>>>>

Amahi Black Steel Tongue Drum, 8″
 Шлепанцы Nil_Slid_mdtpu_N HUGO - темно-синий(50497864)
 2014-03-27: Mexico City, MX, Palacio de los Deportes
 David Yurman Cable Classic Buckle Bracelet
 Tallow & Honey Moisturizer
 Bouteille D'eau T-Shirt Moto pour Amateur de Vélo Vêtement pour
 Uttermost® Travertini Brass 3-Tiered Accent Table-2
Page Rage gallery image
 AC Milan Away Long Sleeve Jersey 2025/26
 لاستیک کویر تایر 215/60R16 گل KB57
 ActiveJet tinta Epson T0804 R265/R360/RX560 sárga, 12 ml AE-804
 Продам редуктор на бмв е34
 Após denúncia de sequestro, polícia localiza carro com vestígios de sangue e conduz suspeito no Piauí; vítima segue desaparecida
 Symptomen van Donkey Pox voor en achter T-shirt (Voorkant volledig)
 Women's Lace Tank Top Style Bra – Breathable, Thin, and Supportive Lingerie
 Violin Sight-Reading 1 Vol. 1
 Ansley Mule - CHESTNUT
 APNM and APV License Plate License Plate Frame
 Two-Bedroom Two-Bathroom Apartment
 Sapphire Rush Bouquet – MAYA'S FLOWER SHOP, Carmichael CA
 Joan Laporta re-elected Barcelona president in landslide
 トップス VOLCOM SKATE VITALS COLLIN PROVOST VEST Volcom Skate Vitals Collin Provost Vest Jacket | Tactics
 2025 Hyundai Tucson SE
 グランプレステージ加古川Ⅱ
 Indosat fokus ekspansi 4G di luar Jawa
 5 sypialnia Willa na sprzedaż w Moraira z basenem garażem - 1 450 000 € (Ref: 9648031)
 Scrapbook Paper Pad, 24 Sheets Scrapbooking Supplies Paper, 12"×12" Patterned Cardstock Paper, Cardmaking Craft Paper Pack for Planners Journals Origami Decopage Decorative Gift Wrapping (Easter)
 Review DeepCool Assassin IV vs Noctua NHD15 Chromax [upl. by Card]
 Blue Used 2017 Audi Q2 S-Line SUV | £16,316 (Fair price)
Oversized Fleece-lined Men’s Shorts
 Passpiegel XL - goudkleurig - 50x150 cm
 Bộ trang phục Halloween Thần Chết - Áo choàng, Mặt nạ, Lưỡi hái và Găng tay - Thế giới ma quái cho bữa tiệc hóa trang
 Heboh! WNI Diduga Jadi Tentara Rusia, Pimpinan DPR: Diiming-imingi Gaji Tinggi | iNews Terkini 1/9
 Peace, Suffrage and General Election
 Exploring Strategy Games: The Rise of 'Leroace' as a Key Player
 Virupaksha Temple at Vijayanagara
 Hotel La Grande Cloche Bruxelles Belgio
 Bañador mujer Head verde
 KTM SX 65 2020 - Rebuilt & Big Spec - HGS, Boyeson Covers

<<<<

→ **WHAT TO PRODUCE**:
Taking the lines above, repeat exactly those from the line that contains "Women's Lace Tank" through the line that contains "Two-Bedroom Two-Bathroom Apartment", and both of those lines as well. Include nothing else.

→ **RESULT FOR THIS EXERCISE**:
 Women's Lace Tank Top Style Bra – Breathable, Thin, and Supportive Lingerie
 Violin Sight-Reading 1 Vol. 1
 Ansley Mule - CHESTNUT
 APNM and APV License Plate License Plate Frame
 Two-Bedroom Two-Bathroom Apartment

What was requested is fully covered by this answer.